▸ WORKING DATA

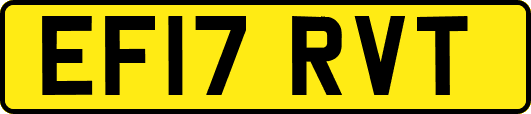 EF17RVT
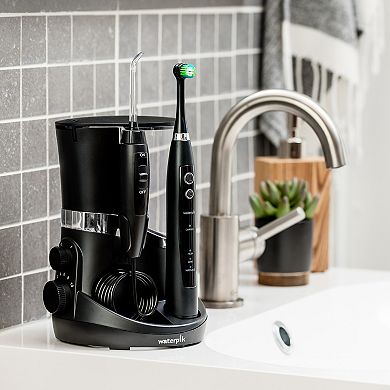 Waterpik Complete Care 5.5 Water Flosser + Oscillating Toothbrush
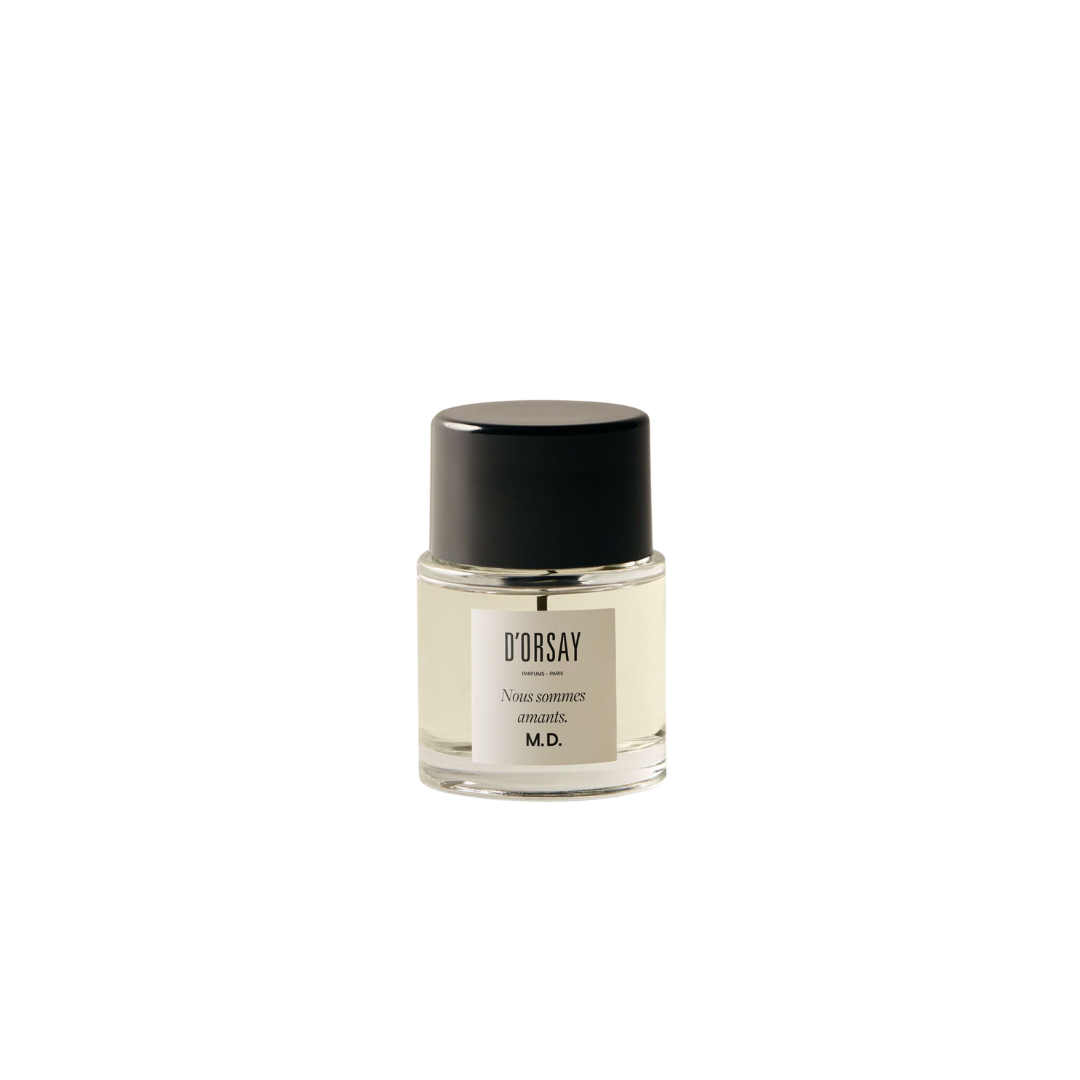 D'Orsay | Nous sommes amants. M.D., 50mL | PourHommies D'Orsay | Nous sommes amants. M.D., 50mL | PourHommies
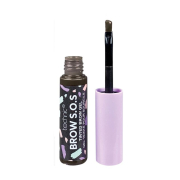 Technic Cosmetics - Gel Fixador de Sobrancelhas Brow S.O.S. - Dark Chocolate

==

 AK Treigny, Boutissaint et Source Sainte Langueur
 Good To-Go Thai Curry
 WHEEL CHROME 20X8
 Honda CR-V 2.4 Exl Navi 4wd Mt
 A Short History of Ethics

▸ ACTIVITY
What you give back should be exactly the lines of the data above from the line with "Good To-Go Thai Curry" through the line with "A Short History of Ethics", both of those included, and nothing more.

▸ ANSWER SPACE
 Good To-Go Thai Curry
 WHEEL CHROME 20X8
 Honda CR-V 2.4 Exl Navi 4wd Mt
 A Short History of Ethics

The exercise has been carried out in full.